- Work item:
Can you retype only the lines from the one with "iOS 19 AirPods" through the final line of the material, exactly as given?

════════

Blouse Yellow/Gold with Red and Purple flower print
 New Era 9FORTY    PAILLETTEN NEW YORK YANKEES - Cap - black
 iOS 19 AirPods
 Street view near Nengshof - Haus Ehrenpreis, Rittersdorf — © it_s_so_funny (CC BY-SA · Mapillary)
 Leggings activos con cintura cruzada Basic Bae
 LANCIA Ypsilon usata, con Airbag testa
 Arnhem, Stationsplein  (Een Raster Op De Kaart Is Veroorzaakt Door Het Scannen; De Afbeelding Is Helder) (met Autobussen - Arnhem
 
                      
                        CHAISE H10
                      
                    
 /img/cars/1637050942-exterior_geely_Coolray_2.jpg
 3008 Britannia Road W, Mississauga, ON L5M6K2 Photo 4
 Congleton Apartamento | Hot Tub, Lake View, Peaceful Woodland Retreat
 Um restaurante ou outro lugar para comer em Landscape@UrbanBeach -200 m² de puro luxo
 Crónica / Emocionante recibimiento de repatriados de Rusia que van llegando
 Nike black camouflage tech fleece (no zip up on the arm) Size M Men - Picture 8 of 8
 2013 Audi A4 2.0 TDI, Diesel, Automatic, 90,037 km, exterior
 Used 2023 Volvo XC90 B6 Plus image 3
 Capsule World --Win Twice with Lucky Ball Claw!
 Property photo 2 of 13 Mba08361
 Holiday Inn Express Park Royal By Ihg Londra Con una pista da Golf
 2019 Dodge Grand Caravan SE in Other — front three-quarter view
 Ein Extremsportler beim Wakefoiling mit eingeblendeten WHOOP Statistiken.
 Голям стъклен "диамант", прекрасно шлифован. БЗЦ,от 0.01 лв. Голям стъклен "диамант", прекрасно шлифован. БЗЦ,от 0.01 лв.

════════

- Exercise result:
 iOS 19 AirPods
 Street view near Nengshof - Haus Ehrenpreis, Rittersdorf — © it_s_so_funny (CC BY-SA · Mapillary)
 Leggings activos con cintura cruzada Basic Bae
 LANCIA Ypsilon usata, con Airbag testa
 Arnhem, Stationsplein  (Een Raster Op De Kaart Is Veroorzaakt Door Het Scannen; De Afbeelding Is Helder) (met Autobussen - Arnhem
 
                      
                        CHAISE H10
                      
                    
 /img/cars/1637050942-exterior_geely_Coolray_2.jpg
 3008 Britannia Road W, Mississauga, ON L5M6K2 Photo 4
 Congleton Apartamento | Hot Tub, Lake View, Peaceful Woodland Retreat
 Um restaurante ou outro lugar para comer em Landscape@UrbanBeach -200 m² de puro luxo
 Crónica / Emocionante recibimiento de repatriados de Rusia que van llegando
 Nike black camouflage tech fleece (no zip up on the arm) Size M Men - Picture 8 of 8
 2013 Audi A4 2.0 TDI, Diesel, Automatic, 90,037 km, exterior
 Used 2023 Volvo XC90 B6 Plus image 3
 Capsule World --Win Twice with Lucky Ball Claw!
 Property photo 2 of 13 Mba08361
 Holiday Inn Express Park Royal By Ihg Londra Con una pista da Golf
 2019 Dodge Grand Caravan SE in Other — front three-quarter view
 Ein Extremsportler beim Wakefoiling mit eingeblendeten WHOOP Statistiken.
 Голям стъклен "диамант", прекрасно шлифован. БЗЦ,от 0.01 лв. Голям стъклен "диамант", прекрасно шлифован. БЗЦ,от 0.01 лв.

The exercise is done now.